[WHAT THE TASK ASKS]:
Since the listing below shows pictures, leave them out and write out exactly the lines from the line with "Feminine leather jacket" to the line with "Hand painted slate", both included, and no others.

[LISTED RECORDS]:

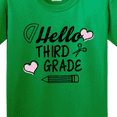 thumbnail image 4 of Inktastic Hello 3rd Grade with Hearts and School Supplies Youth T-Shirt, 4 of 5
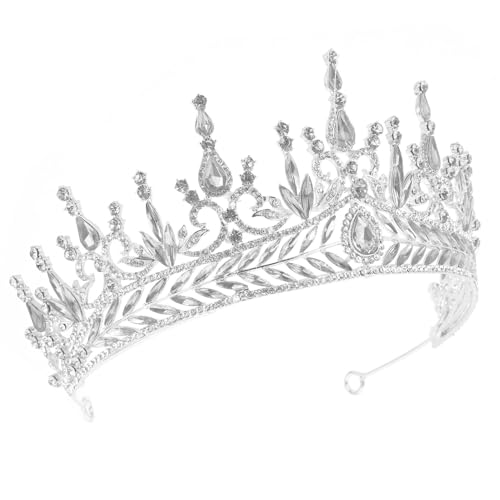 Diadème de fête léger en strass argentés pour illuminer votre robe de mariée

---

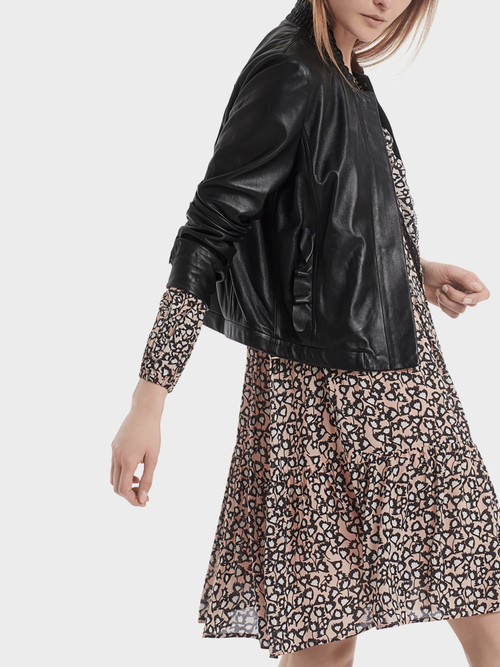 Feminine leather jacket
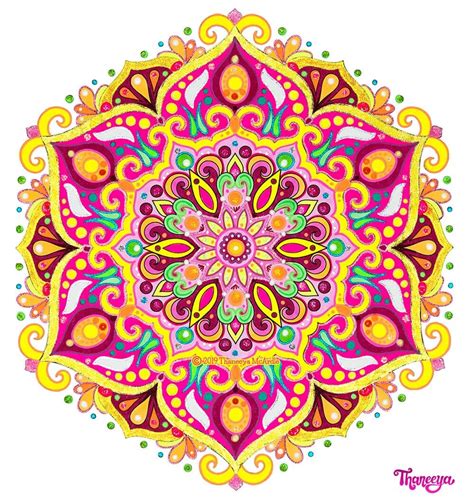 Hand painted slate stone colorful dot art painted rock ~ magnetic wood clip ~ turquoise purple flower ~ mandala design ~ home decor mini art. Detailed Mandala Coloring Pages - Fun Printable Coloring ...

...

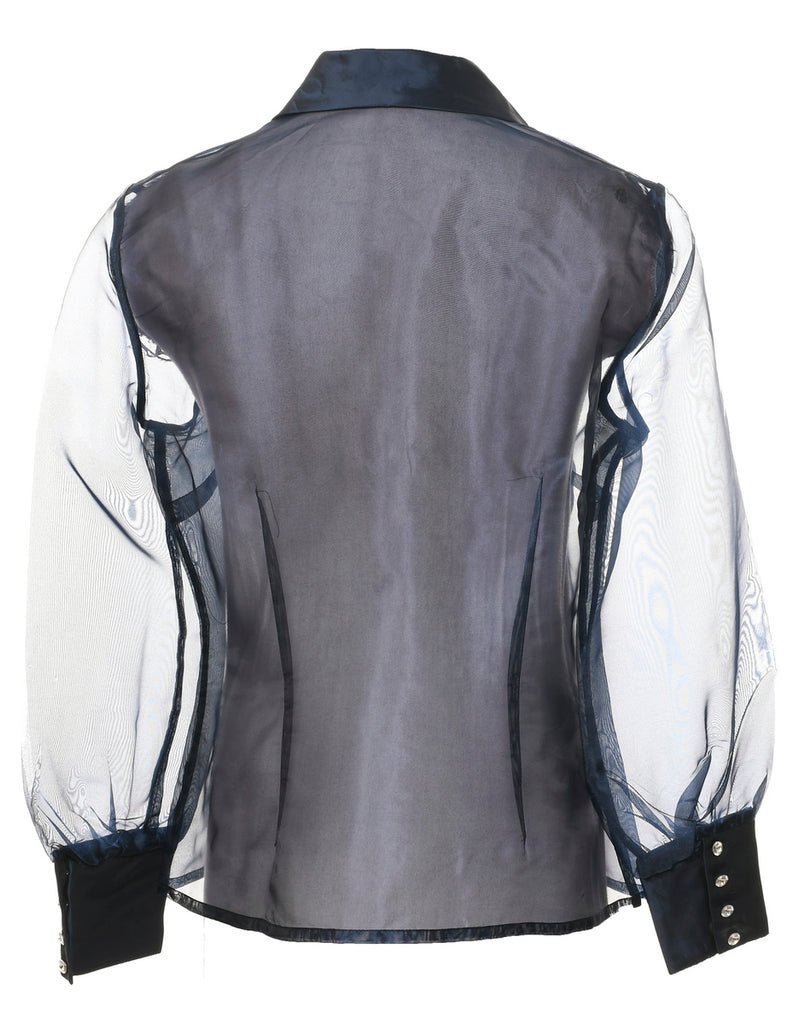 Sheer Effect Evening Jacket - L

[ANSWER BOX]:
 Feminine leather jacket
 Hand painted slate stone colorful dot art painted rock ~ magnetic wood clip ~ turquoise purple flower ~ mandala design ~ home decor mini art. Detailed Mandala Coloring Pages - Fun Printable Coloring ...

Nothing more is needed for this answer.